La stratégie du groupe est limpide : politique de contrôle de réductions de coûts et poursuite de la « philosophie » du « zero based budgeting » (chaque exercice budgétaire repart de zéro et non du réalisé de la période précédente). Ce qui suppose une politique commerciale avant tout axée sur les marques fortes dans les marchés arrosés. Ce qui implique aussi la fin du système Interbrew (« World’s local brewer ») qui favorisait les bières locales. On l’a compris : la bière peut se brasser n’importe où, sans obligation géographique ou historique, à condition que cela se fasse en grosse quantité. Preuve de la ligne suivie : les nombreux achats en Allemagne, pourtant déjà bien catalogué « Inbev », ce qui permet de réaliser de nombreuses synergies (et donc des réductions de coût) tout en asséchant discrètement le marché des concurrents potentiels. La justification des fermetures coule elle aussi de source : la diminution de la consommation en Europe de l’Ouest implique la disparition de certaines brasseries…

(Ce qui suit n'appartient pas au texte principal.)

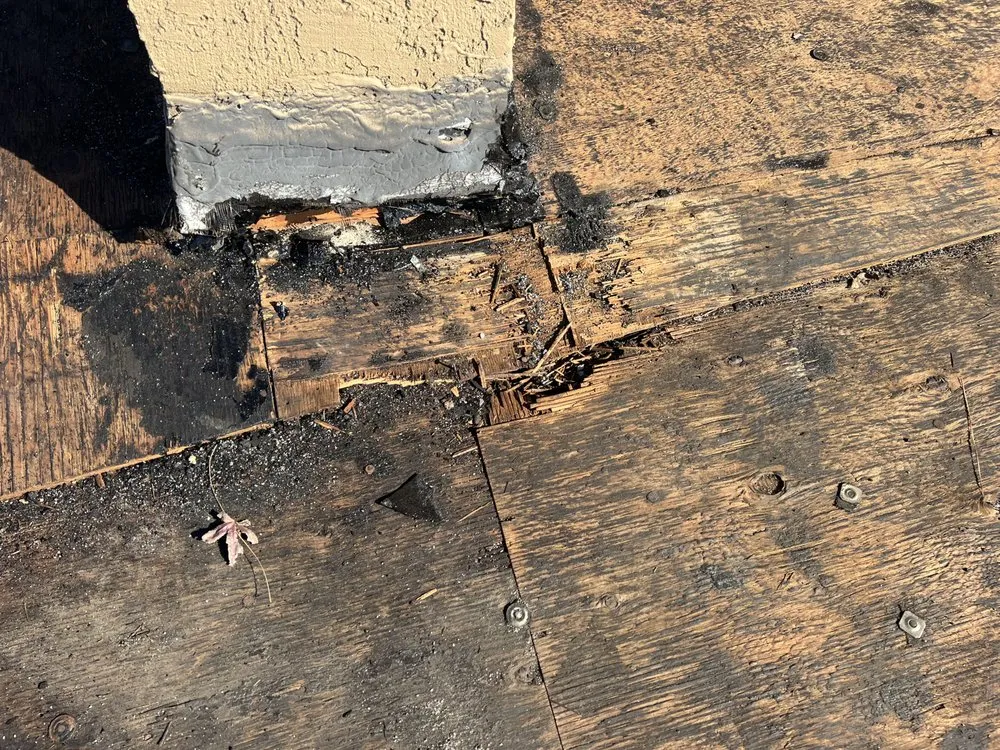 Slide of EZ Solar & Roofing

Les Belges peu à peu écartés du pouvoir
L’autre origine de ce modèle de gouvernance désormais antisocial est à trouver dans la perte de pouvoir des Belges et de l’ex-Interbrew. En septembre 2005, de nombreux changements vont être opérés. Frédéric de Radiguès, qui avait pris la direction générale des opérations belges et luxembourgeoises neuf mois plus tôt, est remplacé par le Portguais Miguel Patricio, jusque là vice-président marketing de la zone Amérique du Nord d’Inbev. Justification officielle : la Belgique a besoin d’un coup de fouet commercial. Le contrôle des achats (poste-clé dans la recherche de réduction de coûts et de synergies) est lui aussi retiré des mains d’Interbrew pour être confié au Brésilien Juan Vergana. Quant au poste de vice-président de la croissance externe, jadis confié au Belge Gauthier de Biolley, il reviendra désormais à un Américain qui devra rapporter ses faits et gestes… à un Brésilien. Si, au conseil d’administration, le pouvoir reste équilibré, il n’en est pas de même au comité exécutif où l’on compte désormais trois Belges pour cinq Brésiliens, trois Américains (marché convoité, rappelons le) et trois Européens. A ce moment, les syndicats belges s’inquiètent de ce transfert de pouvoir. Ils ont raison. Fin décembre, Pierre Jean Everaert (ex Interbrew) annonce son départ de la présidence du conseil d’administration en avril 2006. Il serait remplacé, à en croire les rumeurs, par un non Belge.
Dans la foulée, John Brock, jugé trop frileux par les actionnaires, est remercié en toute fin d’année et, étonnamment ( !), c’est un Brésilien (Carlos Brito) qui prend le pouvoir du comité exécutif. L’homme est réputé pour sa connaissance des marchés émergents. Enfin, début janvier, le Portugais Miguel Patricio, en partance pour la zone Amérique du Nord, est relayé par la Française Sabine Sagaert désormais en charge de la division Belgique et Luxembourg.
Rarement le monde économique avance à coup de coïncidences. Mais toujours ou presque il fait prévaloir la rentabilité sur le social. L’épisode Inbev nous le rappelle, une fois encore, bien amèrement.